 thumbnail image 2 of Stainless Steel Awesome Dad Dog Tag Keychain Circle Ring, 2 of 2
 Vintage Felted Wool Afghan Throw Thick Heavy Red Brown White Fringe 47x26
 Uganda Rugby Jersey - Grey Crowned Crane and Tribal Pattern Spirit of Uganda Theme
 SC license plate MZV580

● ● ● ● ●

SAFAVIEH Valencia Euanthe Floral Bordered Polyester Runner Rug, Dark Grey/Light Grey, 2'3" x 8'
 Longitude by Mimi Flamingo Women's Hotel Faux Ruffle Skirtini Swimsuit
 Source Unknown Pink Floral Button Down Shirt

● ● ● ● ●

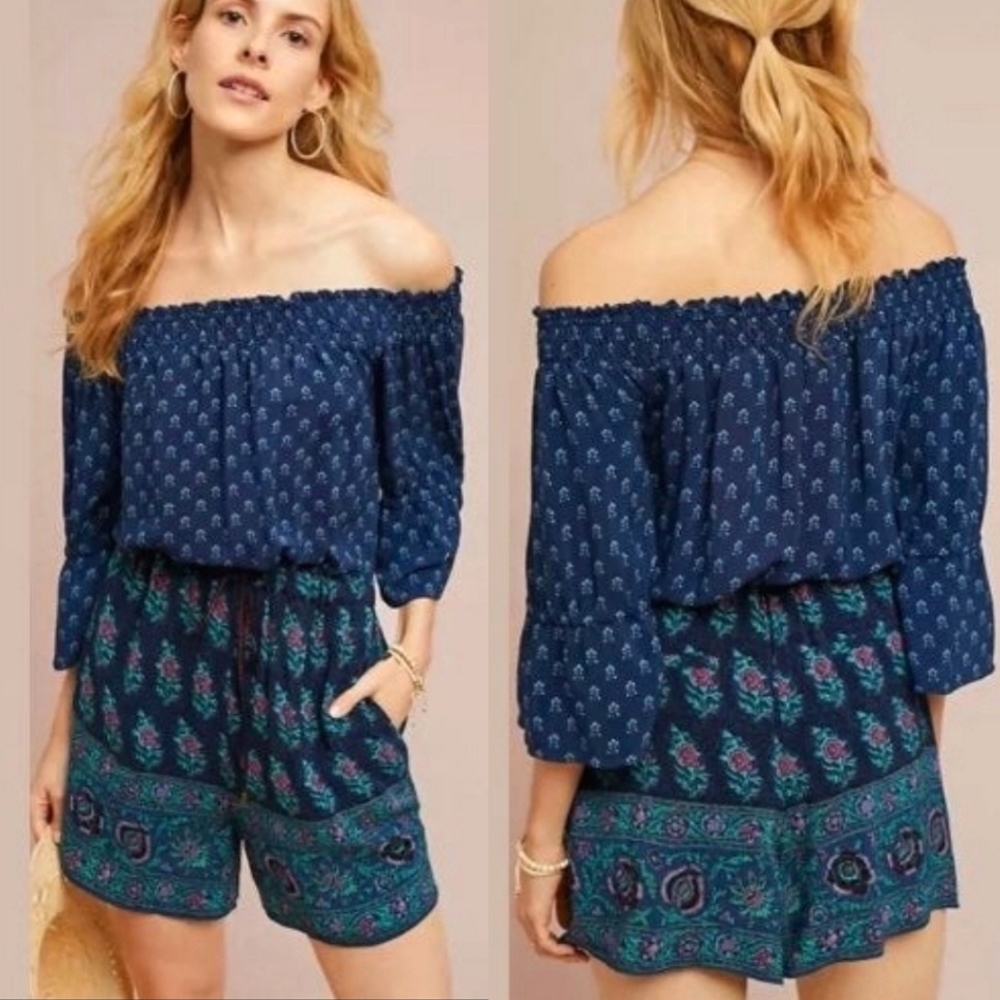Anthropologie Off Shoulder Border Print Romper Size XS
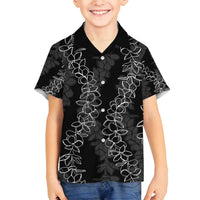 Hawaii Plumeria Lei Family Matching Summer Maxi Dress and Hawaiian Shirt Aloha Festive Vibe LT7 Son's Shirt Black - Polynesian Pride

● ● ● ● ●

- **Problem requirements**: Above are the records; from them, give again exactly the lines from the one containing "thumbnail image 2" to the one containing "SC license plate MZV580", both lines included, and nothing more.

- **Response for this exercise**:
 thumbnail image 2 of Stainless Steel Awesome Dad Dog Tag Keychain Circle Ring, 2 of 2
 Vintage Felted Wool Afghan Throw Thick Heavy Red Brown White Fringe 47x26
 Uganda Rugby Jersey - Grey Crowned Crane and Tribal Pattern Spirit of Uganda Theme
 SC license plate MZV580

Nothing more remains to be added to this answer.